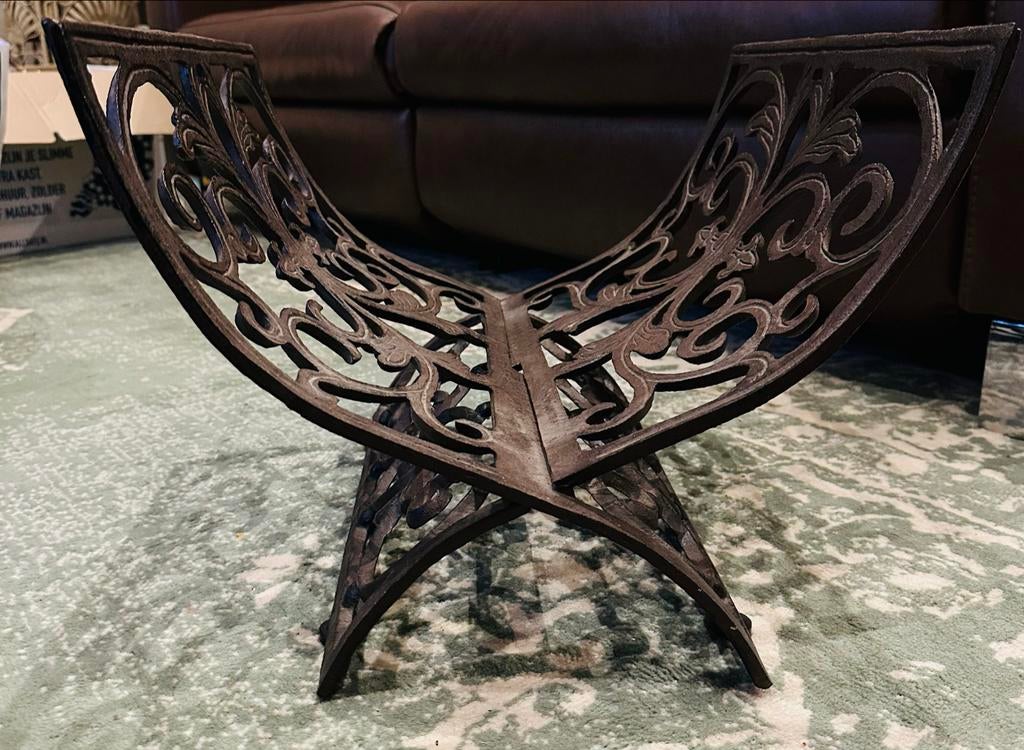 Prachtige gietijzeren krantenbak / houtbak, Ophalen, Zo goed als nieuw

--

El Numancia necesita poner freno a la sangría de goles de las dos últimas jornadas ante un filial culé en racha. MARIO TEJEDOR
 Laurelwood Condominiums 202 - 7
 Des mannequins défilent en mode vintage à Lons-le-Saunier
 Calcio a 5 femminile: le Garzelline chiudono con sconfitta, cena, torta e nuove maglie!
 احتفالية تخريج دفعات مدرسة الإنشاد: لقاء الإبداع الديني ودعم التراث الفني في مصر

WHAT IS EXPECTED: Copy range, inclusive: the line holding "Des mannequins défilent" to the line holding "احتفالية تخريج دفعات". Reproduce exactly those lines of the records above and no others.

REPLY:
 Des mannequins défilent en mode vintage à Lons-le-Saunier
 Calcio a 5 femminile: le Garzelline chiudono con sconfitta, cena, torta e nuove maglie!
 احتفالية تخريج دفعات مدرسة الإنشاد: لقاء الإبداع الديني ودعم التراث الفني في مصر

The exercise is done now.